*Try it:* Write out all of the entries below word for word.

*** Source material Section Begins ***

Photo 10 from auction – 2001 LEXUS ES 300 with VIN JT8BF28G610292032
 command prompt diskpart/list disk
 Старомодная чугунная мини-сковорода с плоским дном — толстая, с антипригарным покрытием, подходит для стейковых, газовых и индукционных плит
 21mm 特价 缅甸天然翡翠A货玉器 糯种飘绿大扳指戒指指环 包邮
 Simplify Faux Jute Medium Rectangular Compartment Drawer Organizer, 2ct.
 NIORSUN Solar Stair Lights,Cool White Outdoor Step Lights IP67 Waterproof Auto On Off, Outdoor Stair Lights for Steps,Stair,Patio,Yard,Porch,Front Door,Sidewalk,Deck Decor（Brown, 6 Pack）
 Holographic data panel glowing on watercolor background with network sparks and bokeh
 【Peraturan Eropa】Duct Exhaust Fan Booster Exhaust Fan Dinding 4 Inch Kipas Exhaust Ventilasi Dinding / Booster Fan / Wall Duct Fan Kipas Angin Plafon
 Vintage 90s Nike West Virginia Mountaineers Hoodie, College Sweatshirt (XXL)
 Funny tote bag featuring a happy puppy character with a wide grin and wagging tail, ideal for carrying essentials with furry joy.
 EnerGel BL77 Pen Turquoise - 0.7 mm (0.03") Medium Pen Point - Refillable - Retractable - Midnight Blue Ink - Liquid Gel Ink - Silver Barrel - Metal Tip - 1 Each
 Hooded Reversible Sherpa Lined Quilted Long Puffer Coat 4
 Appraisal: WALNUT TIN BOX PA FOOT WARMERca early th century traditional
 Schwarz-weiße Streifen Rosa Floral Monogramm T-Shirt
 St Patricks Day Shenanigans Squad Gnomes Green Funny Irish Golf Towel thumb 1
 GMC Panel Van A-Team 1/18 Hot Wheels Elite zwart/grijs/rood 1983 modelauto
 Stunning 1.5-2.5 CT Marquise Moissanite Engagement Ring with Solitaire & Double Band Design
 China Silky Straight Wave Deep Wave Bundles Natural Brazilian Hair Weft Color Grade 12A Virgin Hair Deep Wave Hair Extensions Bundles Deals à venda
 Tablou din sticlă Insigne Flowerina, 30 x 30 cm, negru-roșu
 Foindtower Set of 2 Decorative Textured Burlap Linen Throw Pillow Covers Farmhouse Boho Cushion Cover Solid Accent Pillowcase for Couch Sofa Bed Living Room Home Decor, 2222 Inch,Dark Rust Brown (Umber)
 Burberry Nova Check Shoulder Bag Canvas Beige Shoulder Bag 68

*** Source material Section Ends ***

*Answer:*
Photo 10 from auction – 2001 LEXUS ES 300 with VIN JT8BF28G610292032
 command prompt diskpart/list disk
 Старомодная чугунная мини-сковорода с плоским дном — толстая, с антипригарным покрытием, подходит для стейковых, газовых и индукционных плит
 21mm 特价 缅甸天然翡翠A货玉器 糯种飘绿大扳指戒指指环 包邮
 Simplify Faux Jute Medium Rectangular Compartment Drawer Organizer, 2ct.
 NIORSUN Solar Stair Lights,Cool White Outdoor Step Lights IP67 Waterproof Auto On Off, Outdoor Stair Lights for Steps,Stair,Patio,Yard,Porch,Front Door,Sidewalk,Deck Decor（Brown, 6 Pack）
 Holographic data panel glowing on watercolor background with network sparks and bokeh
 【Peraturan Eropa】Duct Exhaust Fan Booster Exhaust Fan Dinding 4 Inch Kipas Exhaust Ventilasi Dinding / Booster Fan / Wall Duct Fan Kipas Angin Plafon
 Vintage 90s Nike West Virginia Mountaineers Hoodie, College Sweatshirt (XXL)
 Funny tote bag featuring a happy puppy character with a wide grin and wagging tail, ideal for carrying essentials with furry joy.
 EnerGel BL77 Pen Turquoise - 0.7 mm (0.03") Medium Pen Point - Refillable - Retractable - Midnight Blue Ink - Liquid Gel Ink - Silver Barrel - Metal Tip - 1 Each
 Hooded Reversible Sherpa Lined Quilted Long Puffer Coat 4
 Appraisal: WALNUT TIN BOX PA FOOT WARMERca early th century traditional
 Schwarz-weiße Streifen Rosa Floral Monogramm T-Shirt
 St Patricks Day Shenanigans Squad Gnomes Green Funny Irish Golf Towel thumb 1
 GMC Panel Van A-Team 1/18 Hot Wheels Elite zwart/grijs/rood 1983 modelauto
 Stunning 1.5-2.5 CT Marquise Moissanite Engagement Ring with Solitaire & Double Band Design
 China Silky Straight Wave Deep Wave Bundles Natural Brazilian Hair Weft Color Grade 12A Virgin Hair Deep Wave Hair Extensions Bundles Deals à venda
 Tablou din sticlă Insigne Flowerina, 30 x 30 cm, negru-roșu
 Foindtower Set of 2 Decorative Textured Burlap Linen Throw Pillow Covers Farmhouse Boho Cushion Cover Solid Accent Pillowcase for Couch Sofa Bed Living Room Home Decor, 2222 Inch,Dark Rust Brown (Umber)
 Burberry Nova Check Shoulder Bag Canvas Beige Shoulder Bag 68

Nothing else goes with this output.